By Patty Wilber
Last Sunday, the Pecos Chapter of the Back Country Horsemen (BCH) helped pack out a folding toilet, a propane tank and other materials that helped make Kevin Balciar’s volunteer trail crew happier on their 10 day stint working on Rito Los Esteros (#226) and Skyline (#251) trails in the Pecos Wilderness.
It was a tough job (really it was just fun), but someone had to do it.
Jim and I spent the night at Iron Gate campground. In the past, BCH had avoided Iron Gate because the four miles of dirt road was a steep trailer eater, full of deep ruts and hitch-cracking, axle-snapping holes. It was repaired, and while still steep (we would not have got our camper and loaded three horse trailer out in the rain without 4WD), it only had two big holes and the surface was solid and not terribly slick, even with water streaming down it.
To begin the day, we had to get an early start to meet Richard, Amber and Peter who had ridden in Saturday and overnighted with Kevin’s group, so we rode out of Iron Gate at 7:10 am.
The route leaves Iron Gate and heads south on trail 249 then right on 250 to Mora Flats.
At Mora Flats, we crossed the Mora River, made a U-turn onto what I think is 240 and headed back south through the flats. The valley narrows and 240 continues, but we headed east and up the steep #226 Rito los Esteros (RLE) Trail (“rito” means “little river” or “creek” and “estero” means “marsh”, in Spanish). Trail 226 joins 251 (Skyline) at the top.
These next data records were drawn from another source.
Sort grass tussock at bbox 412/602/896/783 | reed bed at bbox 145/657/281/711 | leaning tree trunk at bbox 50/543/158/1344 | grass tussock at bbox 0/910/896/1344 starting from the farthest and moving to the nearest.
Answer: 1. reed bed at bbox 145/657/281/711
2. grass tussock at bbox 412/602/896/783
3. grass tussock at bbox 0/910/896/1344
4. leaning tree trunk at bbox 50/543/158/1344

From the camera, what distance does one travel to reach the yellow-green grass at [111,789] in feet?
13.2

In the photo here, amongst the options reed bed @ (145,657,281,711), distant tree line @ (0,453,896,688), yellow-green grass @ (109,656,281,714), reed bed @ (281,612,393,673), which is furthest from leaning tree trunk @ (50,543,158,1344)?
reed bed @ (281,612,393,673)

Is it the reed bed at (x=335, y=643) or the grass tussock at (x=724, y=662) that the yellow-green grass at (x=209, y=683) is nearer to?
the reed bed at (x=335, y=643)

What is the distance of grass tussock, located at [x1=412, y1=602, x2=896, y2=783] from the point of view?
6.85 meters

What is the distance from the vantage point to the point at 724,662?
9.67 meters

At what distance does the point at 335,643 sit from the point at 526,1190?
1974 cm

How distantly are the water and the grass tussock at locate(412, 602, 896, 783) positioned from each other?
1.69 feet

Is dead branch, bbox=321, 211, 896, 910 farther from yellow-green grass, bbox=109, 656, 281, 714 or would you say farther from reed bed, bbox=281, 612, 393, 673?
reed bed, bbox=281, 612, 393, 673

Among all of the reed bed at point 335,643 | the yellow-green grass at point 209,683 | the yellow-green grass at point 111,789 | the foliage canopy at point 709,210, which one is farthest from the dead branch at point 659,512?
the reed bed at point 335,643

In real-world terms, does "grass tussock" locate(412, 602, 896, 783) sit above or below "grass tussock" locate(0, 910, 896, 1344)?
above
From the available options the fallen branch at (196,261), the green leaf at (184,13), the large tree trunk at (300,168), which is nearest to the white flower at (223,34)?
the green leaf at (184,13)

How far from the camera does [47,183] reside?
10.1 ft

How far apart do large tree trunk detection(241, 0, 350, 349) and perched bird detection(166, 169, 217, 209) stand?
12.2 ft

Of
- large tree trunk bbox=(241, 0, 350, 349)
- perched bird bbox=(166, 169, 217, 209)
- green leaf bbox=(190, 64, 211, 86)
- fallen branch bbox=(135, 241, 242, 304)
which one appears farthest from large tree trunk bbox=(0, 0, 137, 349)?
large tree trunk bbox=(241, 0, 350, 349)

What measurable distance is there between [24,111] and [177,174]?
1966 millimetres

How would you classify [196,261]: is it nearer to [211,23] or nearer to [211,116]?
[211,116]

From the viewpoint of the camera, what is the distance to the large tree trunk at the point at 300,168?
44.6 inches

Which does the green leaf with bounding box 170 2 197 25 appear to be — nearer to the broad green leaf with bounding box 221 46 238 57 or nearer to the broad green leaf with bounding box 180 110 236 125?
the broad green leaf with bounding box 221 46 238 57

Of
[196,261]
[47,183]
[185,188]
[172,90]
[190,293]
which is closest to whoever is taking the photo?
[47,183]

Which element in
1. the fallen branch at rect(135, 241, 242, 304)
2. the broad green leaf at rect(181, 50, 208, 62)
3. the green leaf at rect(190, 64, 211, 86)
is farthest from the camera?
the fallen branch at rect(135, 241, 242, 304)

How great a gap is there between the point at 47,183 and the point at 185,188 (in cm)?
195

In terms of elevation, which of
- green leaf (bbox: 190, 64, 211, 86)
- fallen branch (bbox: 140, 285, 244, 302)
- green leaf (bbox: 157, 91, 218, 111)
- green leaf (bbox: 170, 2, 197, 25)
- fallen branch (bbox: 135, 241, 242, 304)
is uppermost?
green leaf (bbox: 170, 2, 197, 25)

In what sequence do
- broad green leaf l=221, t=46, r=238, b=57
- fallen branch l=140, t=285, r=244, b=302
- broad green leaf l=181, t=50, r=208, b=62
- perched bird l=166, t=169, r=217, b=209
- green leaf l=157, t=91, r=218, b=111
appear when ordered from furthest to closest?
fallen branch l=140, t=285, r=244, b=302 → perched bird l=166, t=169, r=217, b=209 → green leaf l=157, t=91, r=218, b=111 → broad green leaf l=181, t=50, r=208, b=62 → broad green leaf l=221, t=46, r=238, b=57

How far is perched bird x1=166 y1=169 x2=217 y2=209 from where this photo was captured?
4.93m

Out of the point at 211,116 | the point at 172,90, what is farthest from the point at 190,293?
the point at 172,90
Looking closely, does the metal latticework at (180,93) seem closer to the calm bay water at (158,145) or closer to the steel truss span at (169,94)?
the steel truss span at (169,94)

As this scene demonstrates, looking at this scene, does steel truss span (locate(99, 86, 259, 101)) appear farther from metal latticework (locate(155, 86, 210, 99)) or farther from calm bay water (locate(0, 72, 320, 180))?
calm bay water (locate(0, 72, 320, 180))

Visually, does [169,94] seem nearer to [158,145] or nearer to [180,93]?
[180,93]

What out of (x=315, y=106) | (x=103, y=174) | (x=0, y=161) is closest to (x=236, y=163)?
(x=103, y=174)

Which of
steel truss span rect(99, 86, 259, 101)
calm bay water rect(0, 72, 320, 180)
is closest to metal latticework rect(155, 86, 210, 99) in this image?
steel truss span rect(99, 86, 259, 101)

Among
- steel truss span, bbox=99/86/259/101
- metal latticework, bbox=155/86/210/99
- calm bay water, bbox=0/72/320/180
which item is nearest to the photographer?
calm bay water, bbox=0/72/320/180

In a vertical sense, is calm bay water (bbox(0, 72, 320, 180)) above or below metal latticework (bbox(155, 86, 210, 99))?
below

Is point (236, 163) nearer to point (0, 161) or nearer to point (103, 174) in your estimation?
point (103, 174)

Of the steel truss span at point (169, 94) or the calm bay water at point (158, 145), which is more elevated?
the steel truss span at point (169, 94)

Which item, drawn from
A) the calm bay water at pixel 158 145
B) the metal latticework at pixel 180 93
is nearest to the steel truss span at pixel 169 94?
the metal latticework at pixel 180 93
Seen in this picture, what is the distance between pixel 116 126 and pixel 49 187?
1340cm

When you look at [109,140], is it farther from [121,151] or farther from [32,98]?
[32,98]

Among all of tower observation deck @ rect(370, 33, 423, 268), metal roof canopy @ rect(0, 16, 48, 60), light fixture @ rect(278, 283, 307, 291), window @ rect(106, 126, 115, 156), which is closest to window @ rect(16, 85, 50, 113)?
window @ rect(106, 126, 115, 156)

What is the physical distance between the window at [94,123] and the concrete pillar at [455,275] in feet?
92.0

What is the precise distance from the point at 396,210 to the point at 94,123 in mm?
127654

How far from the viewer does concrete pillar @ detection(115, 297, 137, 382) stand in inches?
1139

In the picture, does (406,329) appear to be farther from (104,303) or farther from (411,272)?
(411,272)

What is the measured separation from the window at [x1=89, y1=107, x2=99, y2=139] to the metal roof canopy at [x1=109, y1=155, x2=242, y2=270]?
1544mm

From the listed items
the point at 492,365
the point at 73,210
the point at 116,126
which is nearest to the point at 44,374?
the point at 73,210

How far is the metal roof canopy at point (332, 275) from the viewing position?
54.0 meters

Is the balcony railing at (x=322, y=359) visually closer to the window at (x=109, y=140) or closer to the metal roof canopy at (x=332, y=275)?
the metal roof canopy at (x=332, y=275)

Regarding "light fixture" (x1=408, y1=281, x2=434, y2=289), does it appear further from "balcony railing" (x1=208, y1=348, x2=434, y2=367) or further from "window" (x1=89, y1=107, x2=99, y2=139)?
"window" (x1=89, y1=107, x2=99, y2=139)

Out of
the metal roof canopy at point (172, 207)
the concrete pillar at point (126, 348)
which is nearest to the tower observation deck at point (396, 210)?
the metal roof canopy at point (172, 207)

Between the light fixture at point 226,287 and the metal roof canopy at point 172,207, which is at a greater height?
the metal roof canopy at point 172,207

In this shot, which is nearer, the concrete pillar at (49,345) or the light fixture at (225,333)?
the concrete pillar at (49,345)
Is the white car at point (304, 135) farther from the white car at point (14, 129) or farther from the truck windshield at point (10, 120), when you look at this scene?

Ritos los Esteros goes in and out of an old burn scar from the 2002 Trampas Fire (part of the Roybal Complex fire) * where most of the trees are down. This is nice because once down, there is nothing left to fall on the path so if the way is cleared (which is what Kevin’s crew did a lot of last year), it should stay that way for a good long time.
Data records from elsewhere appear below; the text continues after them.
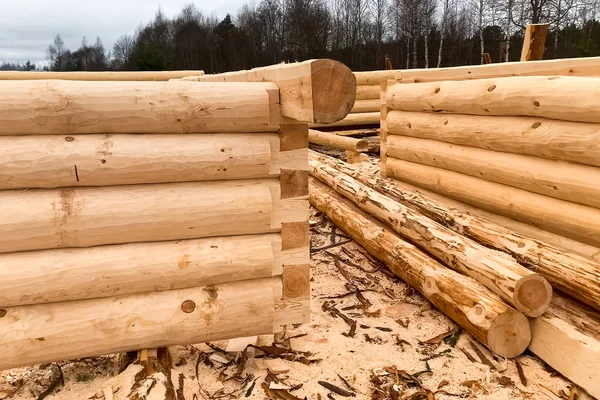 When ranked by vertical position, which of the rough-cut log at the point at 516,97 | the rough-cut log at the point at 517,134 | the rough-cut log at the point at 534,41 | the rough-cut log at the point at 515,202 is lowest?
the rough-cut log at the point at 515,202

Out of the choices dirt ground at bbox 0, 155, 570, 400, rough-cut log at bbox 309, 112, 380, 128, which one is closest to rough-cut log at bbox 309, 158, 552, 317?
dirt ground at bbox 0, 155, 570, 400

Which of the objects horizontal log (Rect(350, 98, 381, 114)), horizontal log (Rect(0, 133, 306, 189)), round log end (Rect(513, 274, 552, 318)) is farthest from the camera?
horizontal log (Rect(350, 98, 381, 114))

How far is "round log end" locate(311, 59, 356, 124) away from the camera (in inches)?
106

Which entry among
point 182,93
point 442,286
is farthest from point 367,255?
point 182,93

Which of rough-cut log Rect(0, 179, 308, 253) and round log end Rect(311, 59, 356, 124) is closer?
round log end Rect(311, 59, 356, 124)

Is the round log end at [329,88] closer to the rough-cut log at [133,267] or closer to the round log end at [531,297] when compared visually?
the rough-cut log at [133,267]

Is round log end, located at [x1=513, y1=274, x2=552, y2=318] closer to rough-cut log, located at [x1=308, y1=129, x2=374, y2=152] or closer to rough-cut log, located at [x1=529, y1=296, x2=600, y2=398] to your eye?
rough-cut log, located at [x1=529, y1=296, x2=600, y2=398]

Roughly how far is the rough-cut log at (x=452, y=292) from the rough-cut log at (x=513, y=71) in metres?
2.47

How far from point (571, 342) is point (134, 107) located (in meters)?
3.04

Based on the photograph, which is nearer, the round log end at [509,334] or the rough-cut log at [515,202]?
the round log end at [509,334]

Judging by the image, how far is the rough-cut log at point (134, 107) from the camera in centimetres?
277

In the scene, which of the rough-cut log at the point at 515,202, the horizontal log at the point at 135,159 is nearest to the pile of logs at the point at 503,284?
the rough-cut log at the point at 515,202

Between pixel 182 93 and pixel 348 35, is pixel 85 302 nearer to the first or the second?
pixel 182 93

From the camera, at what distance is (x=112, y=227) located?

Eventually, the RLE heads back into forest and that is where we met up with the others. The trail continues to 251, Skyline, and Kevin’s crew cleared the RLE to 251 and some distance on 251. There were lots of logs down this year, so they did not get as far as they had hoped.
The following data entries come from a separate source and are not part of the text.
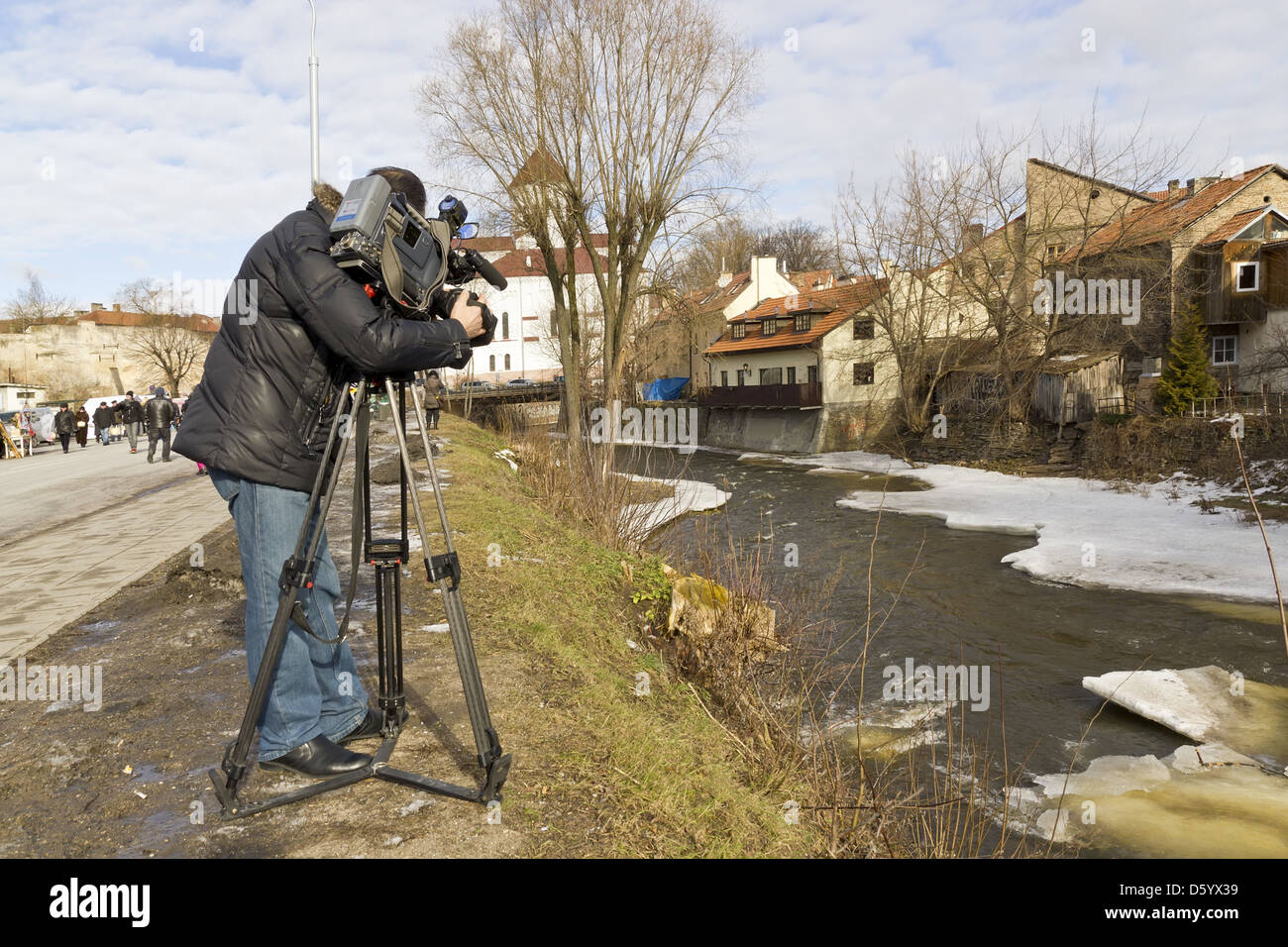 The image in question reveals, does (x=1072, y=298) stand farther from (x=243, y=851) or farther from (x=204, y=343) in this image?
(x=204, y=343)

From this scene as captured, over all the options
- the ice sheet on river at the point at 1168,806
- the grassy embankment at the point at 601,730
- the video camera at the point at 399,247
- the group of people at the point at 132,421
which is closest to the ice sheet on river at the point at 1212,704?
the ice sheet on river at the point at 1168,806

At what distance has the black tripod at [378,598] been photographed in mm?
3039

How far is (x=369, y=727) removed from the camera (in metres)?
3.76

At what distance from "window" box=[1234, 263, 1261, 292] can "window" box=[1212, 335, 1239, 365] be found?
7.16 feet

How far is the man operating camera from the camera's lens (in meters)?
2.95

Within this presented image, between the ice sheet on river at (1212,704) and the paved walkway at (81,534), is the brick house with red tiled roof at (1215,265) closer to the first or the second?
the ice sheet on river at (1212,704)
The campsite was in the woods, and it is remarkable to think that the burned area (pictures below) once looked like this.
We did indeed pack our load and were on the homeward trek at 10:15am. We are an efficient crew!
The pictures on the way back showed the views better!
It was at this point that I took off my sweatshirt because I was getting warm. About a mile later, the clouds coalesced and soon it started to sprinkle. Then rain. Then hail. I kept thinking it was surely going to stop, so I only put on my short rain jacket (not my voluminous Muddy Creek jacket that covers me and a lot of my horse, too, and not my rain pants, either). It kept raining. My legs got quite wet on the last leg of the day, but I had Sno-sealed my boots last year and my feet stayed dry!
Jim and I had planned to hang out for a few hours at the campground since we were back by 12:30 (15 miles by lunchtime! We were proud!), but the clouds looked pretty dark, and the rain got heavier as we untacked, so we cleaned up our site, shut up the camper and headed out.
It rained for about half of the two hour drive home! But it had not rained at our house.
Since most of our tack was wet, we unpacked and turned the trailer into a drying rack!
Another fine adventure
- If anyone has maps of fires in the Pecos, I would love to see them!